An autonomous organization that works to ensure reliable, affordable and clean energy for its 29 member countries, the Paris-based IEA is focused on energy security and environmentally-aware economic development. On Thursday, it published its Medium-Term Renewable Energy Market Report 2014, providing market analysis and forecasts to 2020. It states that the global mix of renewable power generation has reached almost 22 percent, a slight increase from 2012 (21 percent) and a 4 percent increase from 2007.
In 2013, over $250 billion were invested in clean generating systems, but the IEA predicts that this amount is likely to decrease in the coming years. Politicians in various countries are concerned that the cost of renewable subsidies will grow untenable as the renewables come to market.
The executive director of the IEA, Maria van der Hoeven, told the Guardian that policymakers are being unreasonably skittish. “Renewables are a necessary part of energy security,” she said. “However, just when they are becoming a cost-competitive option in an increasing number of cases, policy and regulatory uncertainty is rising in some key markets.”

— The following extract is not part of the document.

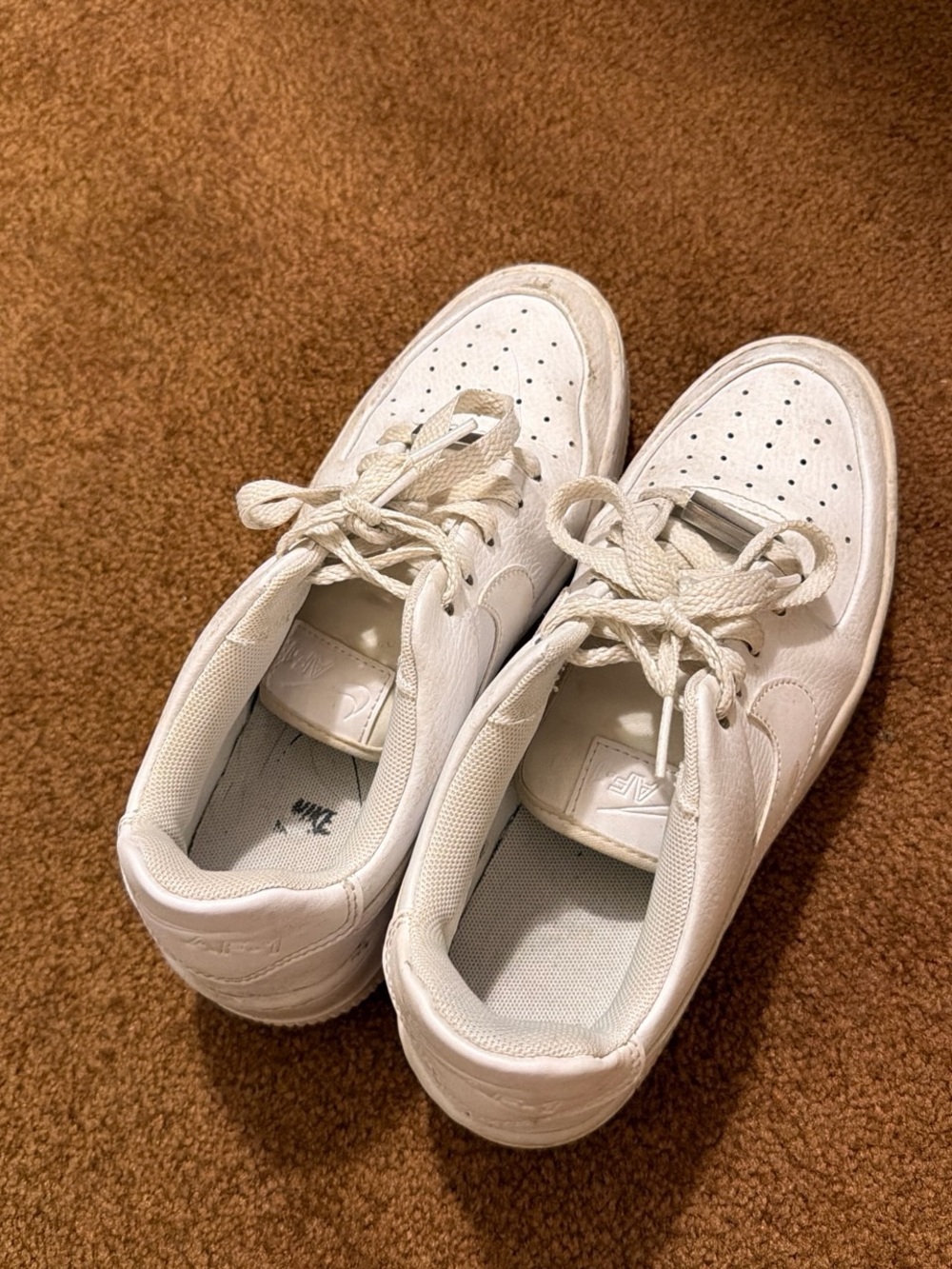 Nike Women's White Airforce PlatformSneakers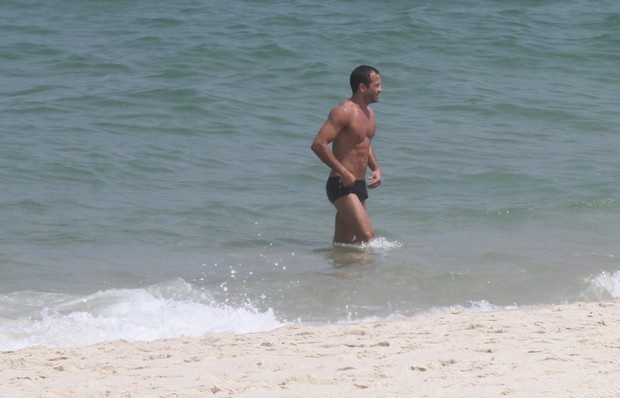 Malvino Salvador na praia da Barra (Foto: Fabio Martins / AgNews)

Moreover, “Many renewables no longer need high incentive levels. Rather, given their capital-intensive nature, renewables require a market context that assures a reasonable and predictable return for investors.”
At the current growth rate, renewables could produce as much as 26 percent of the world’s electricity by 2020. But that would still leave countries short of keeping greenhouse gas emissions from raising the global climate above 2 degrees Celsius.
Justin Wilkes, the deputy chief executive of the European Wind Energy Association, says governments need to step up their game: “Europe’s heads of state need to agree in October on a binding 30 percent renewables target if real progress is going to be made to improve Europe’s energy security, competitiveness and climate objectives.”